Martin Carr reviews the third episode of Snowpiercer…
This post- apocalyptic police procedural makes South West Trains look attractive. Those who thought they were getting an updated, expanded and broadened version of the Bong Joon-ho cult classic should be wise by now. This Snowpiercer which made its way onto Netflix over the weekend dances to a different beat entirely.
In an atmosphere which is best described as cloyingly claustrophobic this steam punk class war on wheels is playing a very long game. Slowly characters are lurking out of the woodwork rather than relying on introductions. Sam Otto’s Osweiller is a conniving sexual deviant who thrives on power, perpetrates treasonous acts then pulls rank before revelling in authority. Just as Mike O’Malley’s Roche is more layered, less trusting but surprisingly humane beneath the veneer.

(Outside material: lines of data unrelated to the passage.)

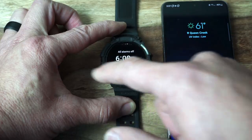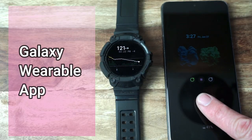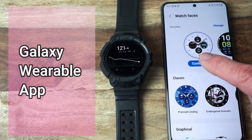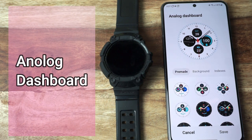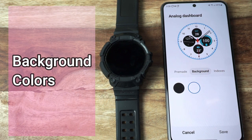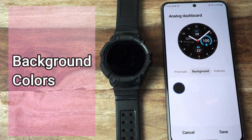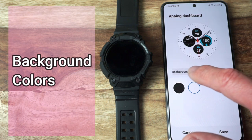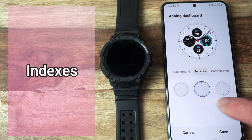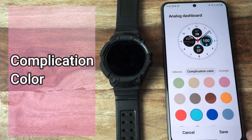So what is the difference between a complication and a tile? The first thing you need to know is that I will be utilizing two different watch face apps to make this work. A watch complication is anything on a watch face other than the time to provide you an added feature. For example, if you go to the Galaxy Wearable app, you will find a section for watch faces. This one is called Analog Dashboard, and it has some really cool customization options. As you can see, there are pre-made faces. You can change background colors, the indexes, complication colors.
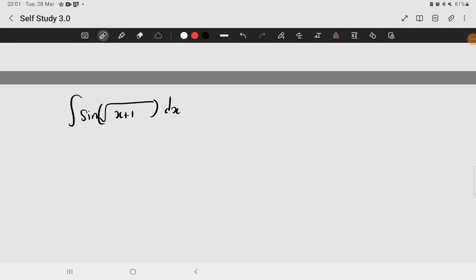Hello everyone, so today I would like to present a question which I found on a calculus book, which is: find the integral of sine of the square root of x plus 1 dx.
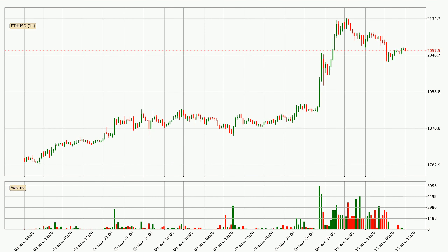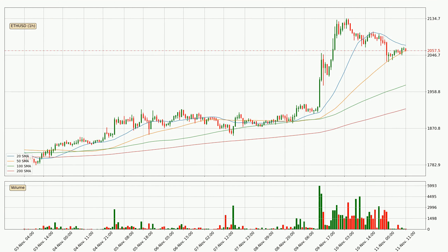Looking at the Ethereum hourly time frame, the price moved only slightly to the downside with around 1.8% in the last 24 hours, with a current price of 2058. Looking at the hourly simple moving averages, the current price is between the 100 and the 20 SMA. If the price bounces off the 100 SMA, which is currently at 1975, it could be seen as a support, and the 20 SMA at 2070 could be seen as resistance to the upside. Breaking either way signals a possible further move in the corresponding direction.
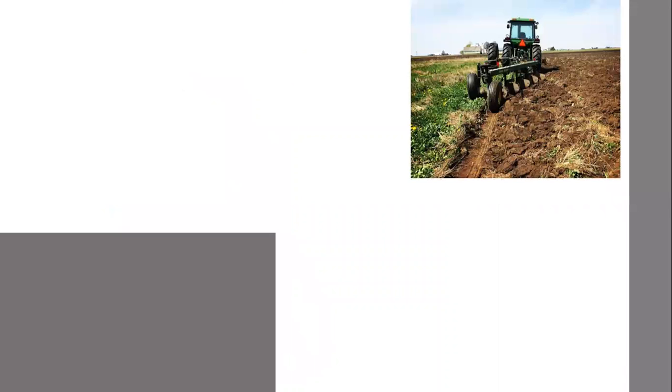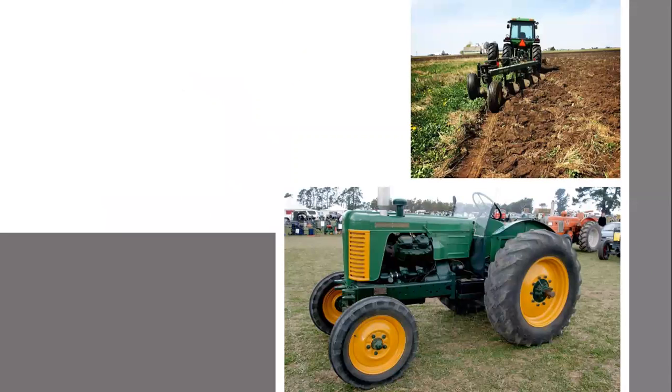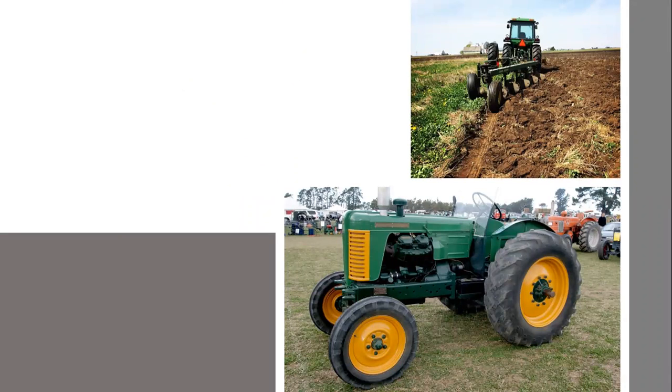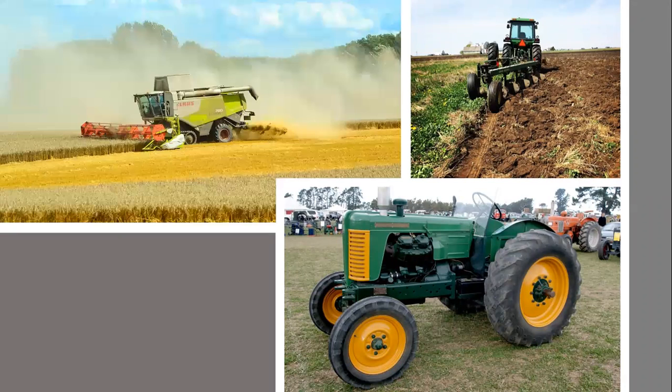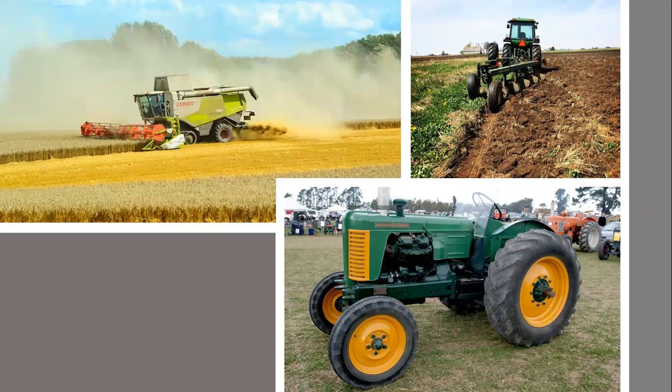These are now some machinery we are going to find on a farm. You can find a plow, that's a tractor for moving things, and you have a harvester for helping us to harvest our crops.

Elsewhere casual liaisons grounded by infidelity, perpetuated by need and exploited through access dig deeper into the rabbit hole. Deception and distraction are the stock in trade of Jennifer Connelly’s Melanie who maintains an ice cold demeanour of unshakeable omnipotence. Layton meanwhile provides the heart and soul which exists beneath the power struggles, class divisions and superficial prejudice. Daveed Diggs connects back to front and vice versa while the investigation continues to act as our way into this seventeen kilometre jigsaw puzzle.

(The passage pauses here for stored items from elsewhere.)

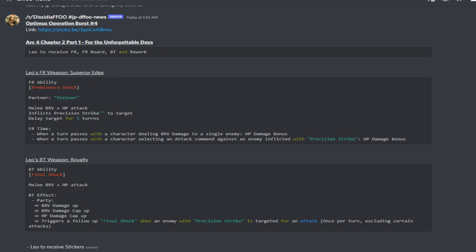Not too bad, pretty easy conditions overall. His BT is a melee brave plus HP attack. The BT effect provides the party with brave damage up, brave damage cap up, HP damage cap up and it also triggers a follow-up attack called Final Shock whenever an enemy with the Precision Strike debuff is targeted for an attack.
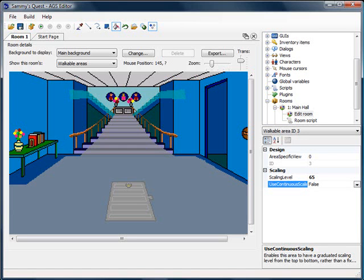Welcome back to the AGS tutorial. In the last video, we did some scaling so that Sammy sort of shrank as he walked up the stairs. In this video, we're going to do a little bit about room transitioning so that when Sammy walks from one room to the other, he doesn't just all of a sudden appear in the other room — you sort of see him walk off the screen.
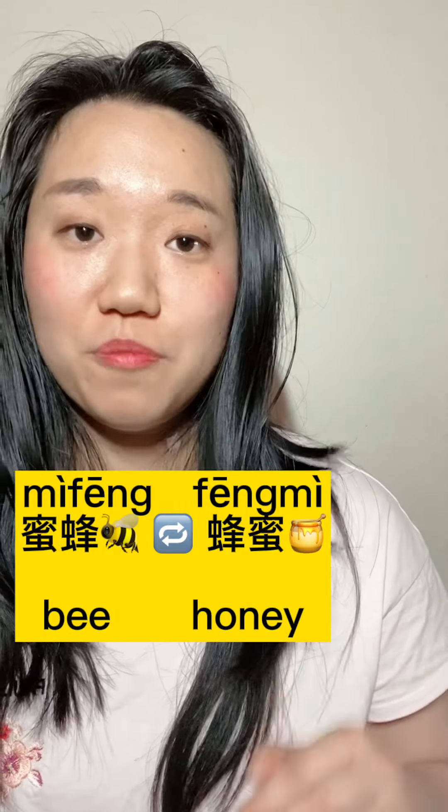画笔 means 'painting brush' and 笔画 means 'strokes'. Aren't they interesting? I will show you more next time.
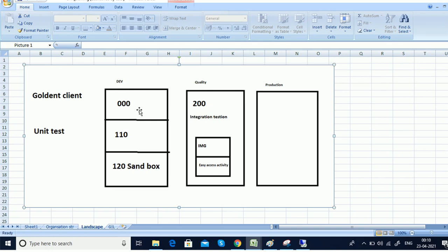The development server is divided into clients. The first client — let's say 100 — is used for configuration and is known as the golden client. Then we have 110, which is used for unit testing, some kind of rough testing. And then we have 120, which is a sandbox, used if required. These clients are set up by a basis consultant in the SAP environment.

What some people are failing to see is how this show explores cultural ecosystems. Snowpiercer not only looks to entertain by exploring the human animal, but also shines a light into our preoccupations and tangled motives. Addiction is touched on as references to Kronole make their way into the conversation, while shadier elements start throwing their weight around. Flashbacks are sparingly employed and Barry Robison’s production design is enhanced as the story deepens.
At present the world is adapting simultaneously to another way of life which requires resilience, tolerance and understanding. For the first time class, status and power mean very little as a certain virus has levelled the playing field. This show could be considered a microcosm in that respect, as all classes currently co-exist in perpetual lockdown. Thankfully for us there is no serial killer with a taste for castration we have to factor into every day of our isolation.